- Available data:
****************

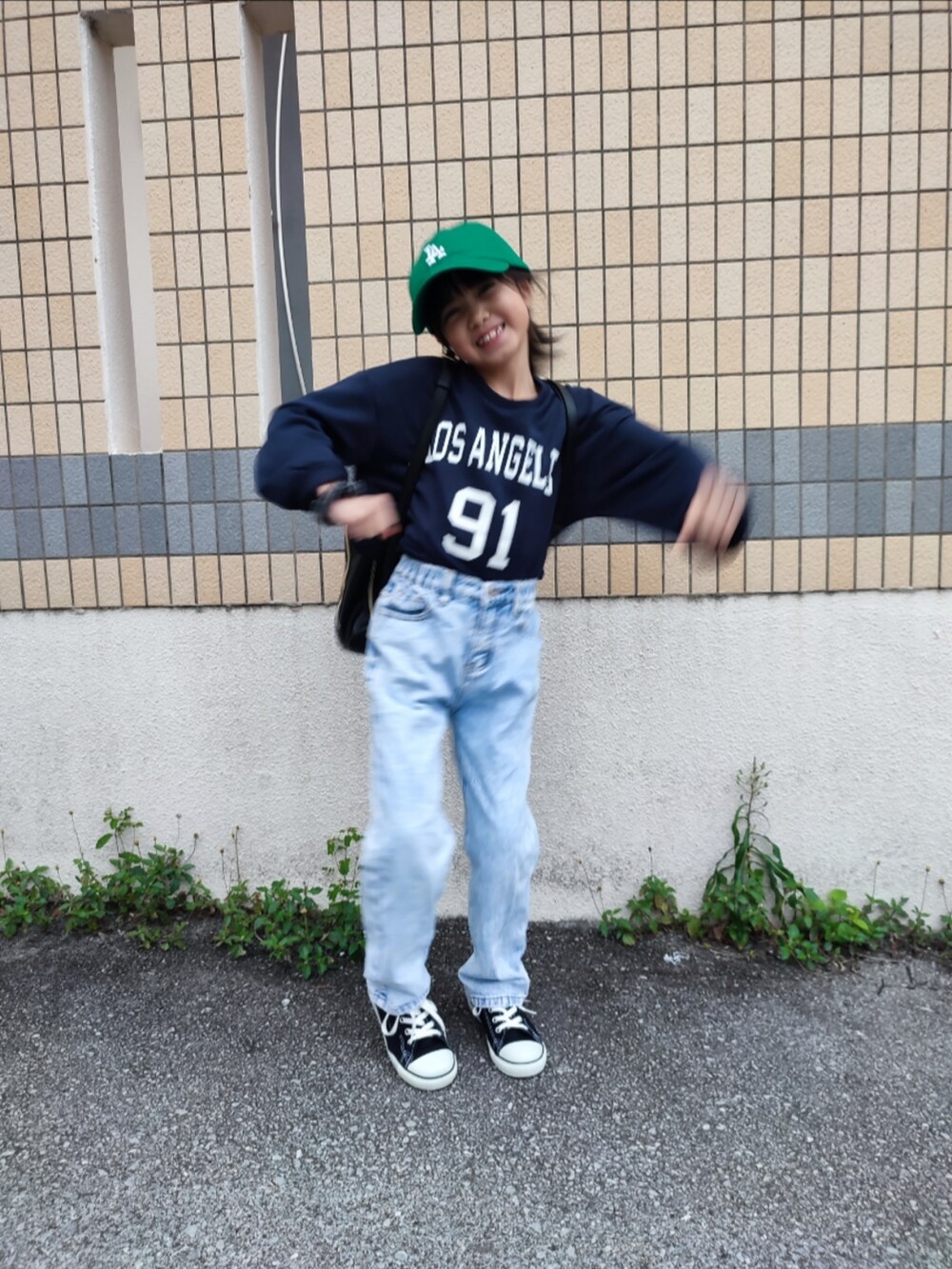 ブルー系のデニムパンツ、ブルー系のスウェット、ブラック系のスニーカーを着用したキッズの冬コーディネートの4枚目の写真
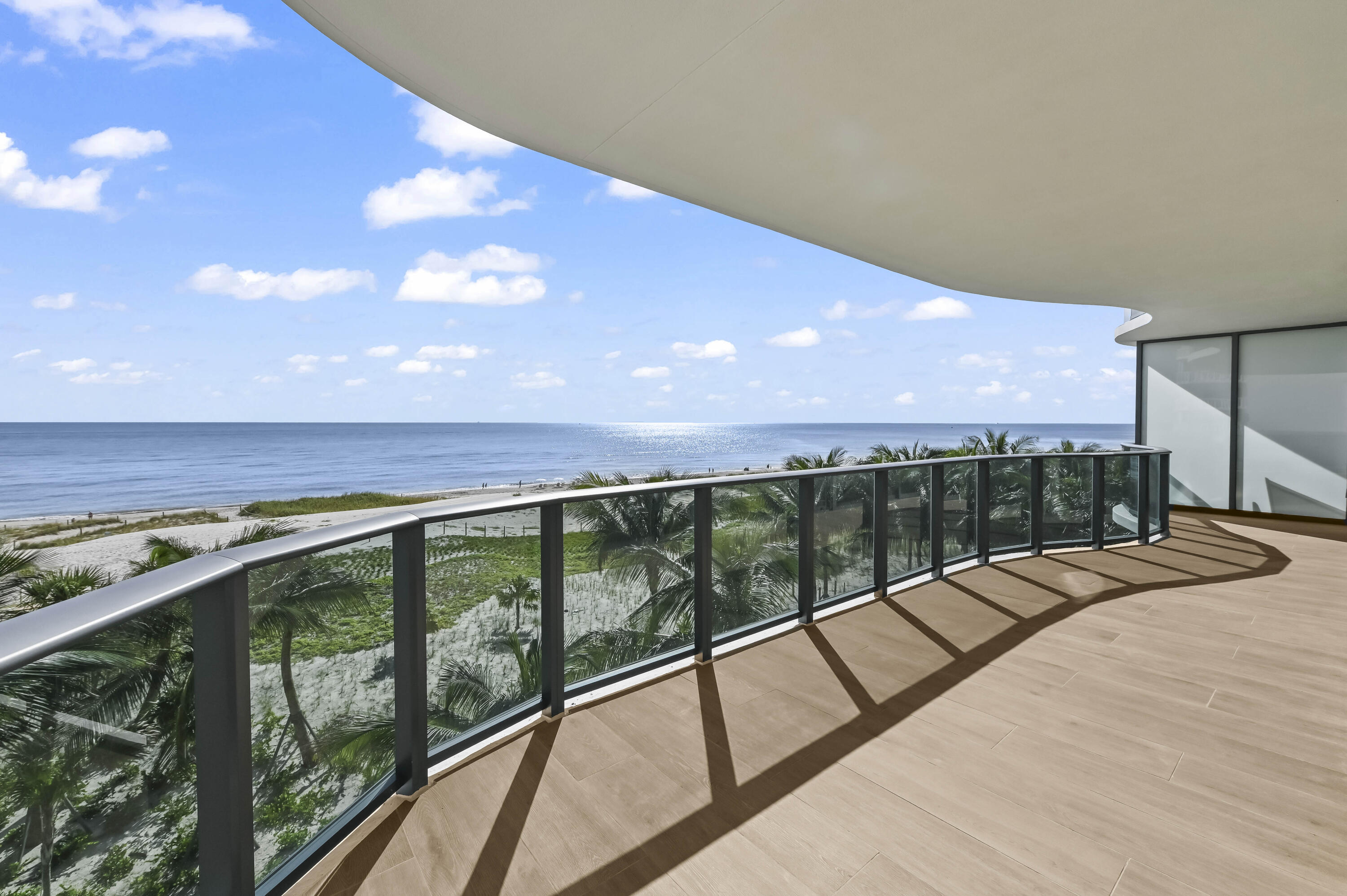 900 N Ocean Boulevard 406 Property Photo 5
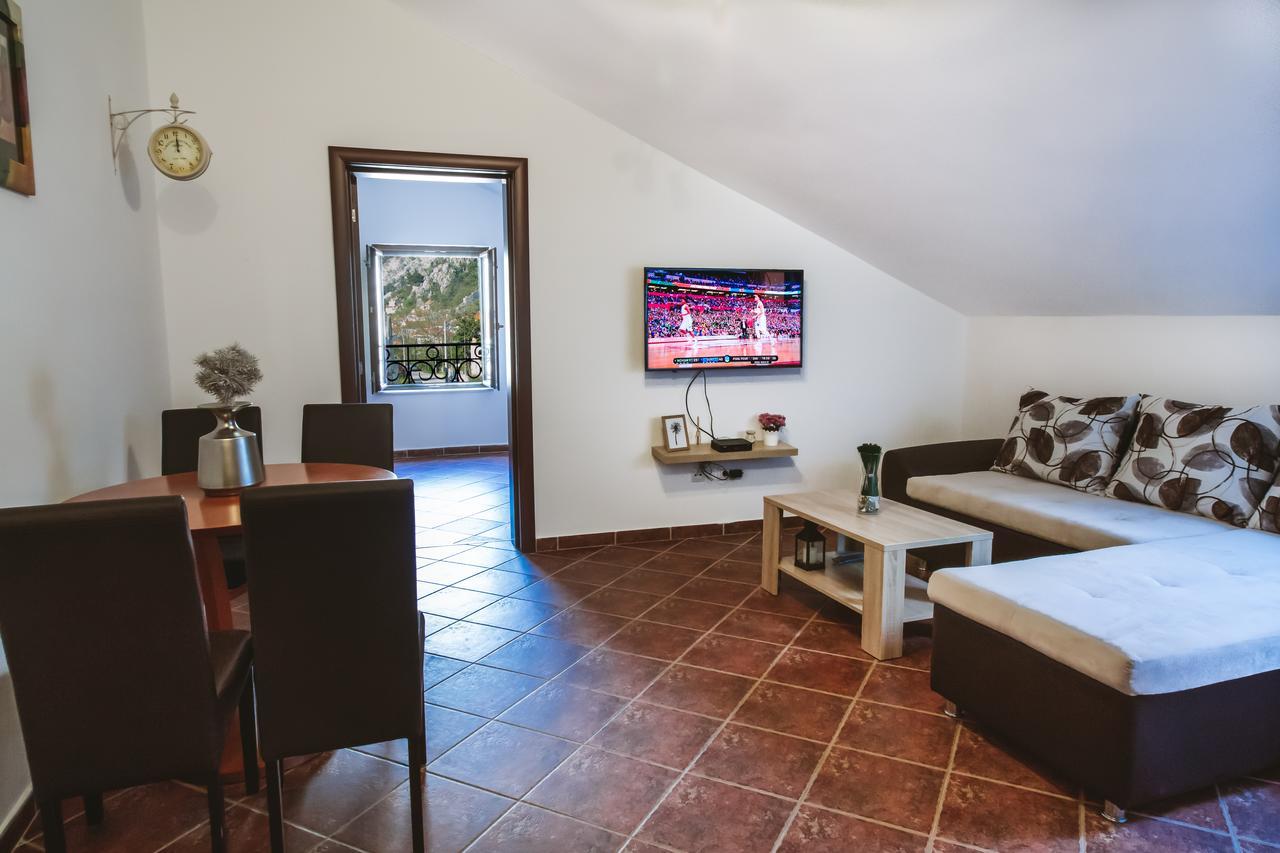 Apartment Atina Kotor Eksteriør bilde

****************

- Aim of the exercise: Without any pictures, restate word for word only the lines from the one with "900 N Ocean Boulevard 406 Property Photo 5" through the end of the listing.

- Answer to this problem:
 900 N Ocean Boulevard 406 Property Photo 5
 Apartment Atina Kotor Eksteriør bilde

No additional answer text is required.